The weld shop will create significant job opportunities in the Central Oregon region, with the capacity to fill an additional 30 welding positions. Positions range from entry-level to experienced roles, with professional opportunities in various growing departments within the Company.

“This new facility is a major investment not just in our company, but in the future of Central Oregon,” said Dave Benson, AAON VP and BASX President. “We can now deliver even higher levels of quality and efficiency while providing more job opportunities for the community. We’re proud to support local manufacturing growth and look forward to seeing the impact this expansion will have on both BASX and the region.”

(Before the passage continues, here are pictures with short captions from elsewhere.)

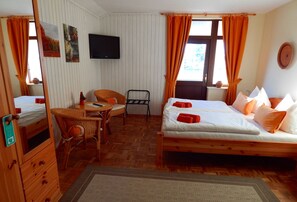 Kamer, 1 twee- of 2 eenpersoonsbedden | Een kluis op de kamer, een bureau, gratis wifi, beddengoed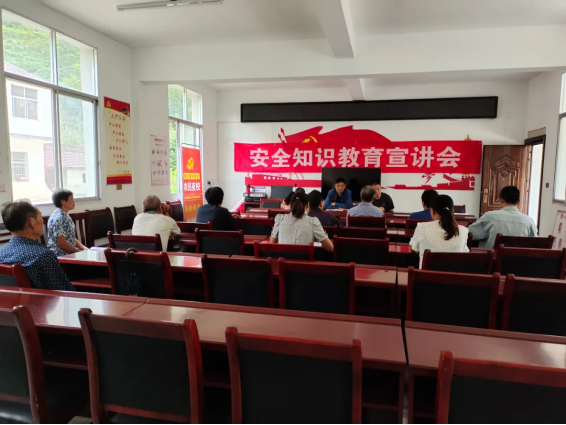 石泉县检察院：联村队员齐心协力 确保群众稳度汛期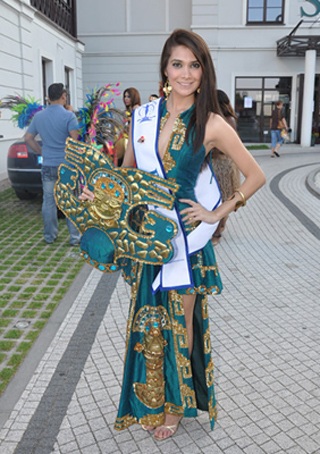 Người đẹp Brazil giành giải trang phục dân tộc đẹp nhất - 15 Người đẹp Brazil giành giải trang phục dân tộc đẹp nhất - 15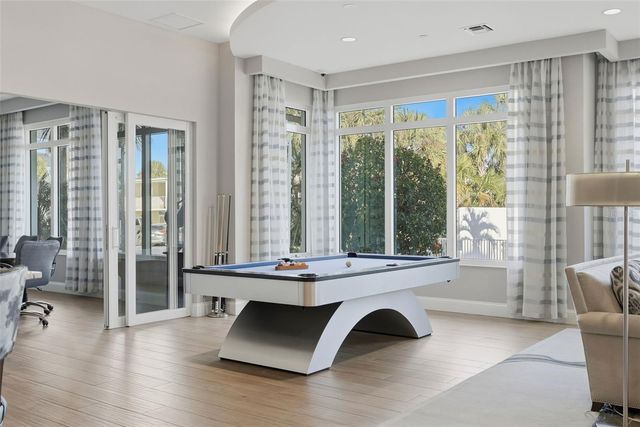 1325 SNELL ISLE BOULEVARD NE 105, St Petersburg, FL 33704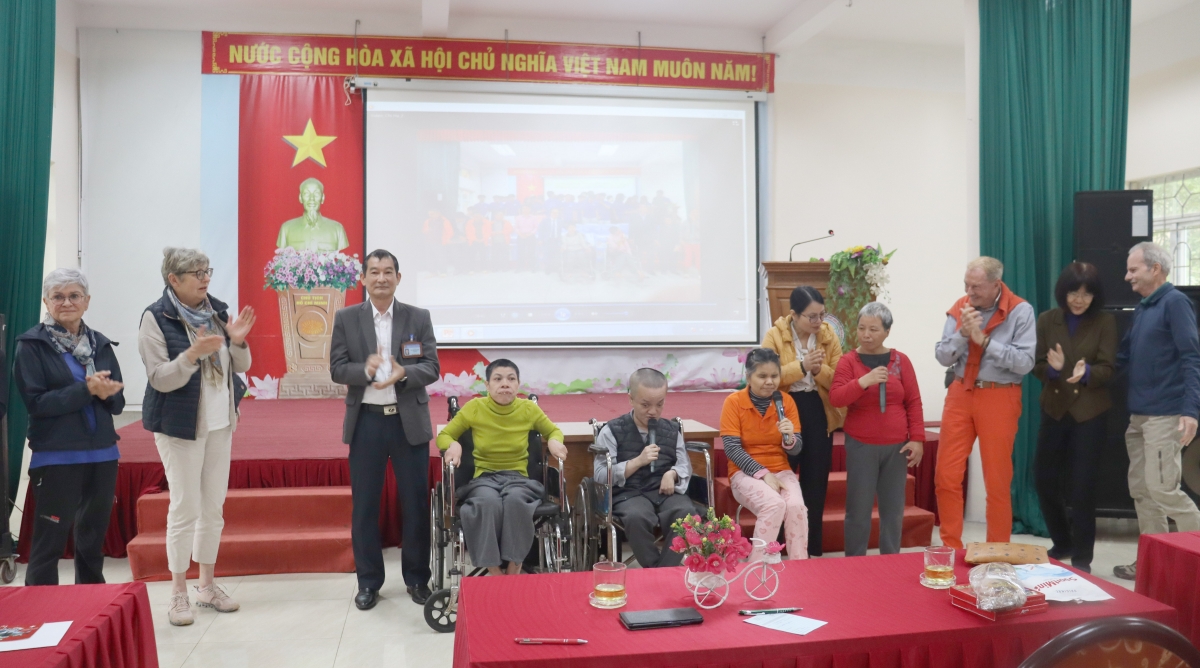 Ngài Đại sứ UNICEF tại Thụy Sỹ thăm Trung tâm chăm sóc,  nuôi dưỡng nạn nhân chất độc da cam của VAVA và thành phố Hà Nội Ngài Đại sứ UNICEF tại Thụy Sỹ thăm Trung tâm chăm sóc,  nuôi dưỡng nạn nhân chất độc da cam của VAVA và thành phố Hà Nội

The new shop marks a major expansion in the Company’s production capabilities, introducing state-of-the-art welding technology within a climate-controlled environment. Equipped with advanced air filtration systems, including an AAON make-up air unit and multiple air scrubbers, the shop ensures exceptional air quality for its workers. The space also features two 5-ton overhead cranes and six ½-ton cantilever jib cranes, allowing for efficient movement of materials across the facility.

A key highlight of the facility is its cutting-edge tube laser, capable of precision cutting and profiling round and square tubes, as well as C-channel and I-beam profiles up to 27 feet in length. Additionally, a 75-foot-long dual-zone robotic welding cell is scheduled to be installed and operational in early 2025, enabling the welding of large subassemblies up to 10 tons.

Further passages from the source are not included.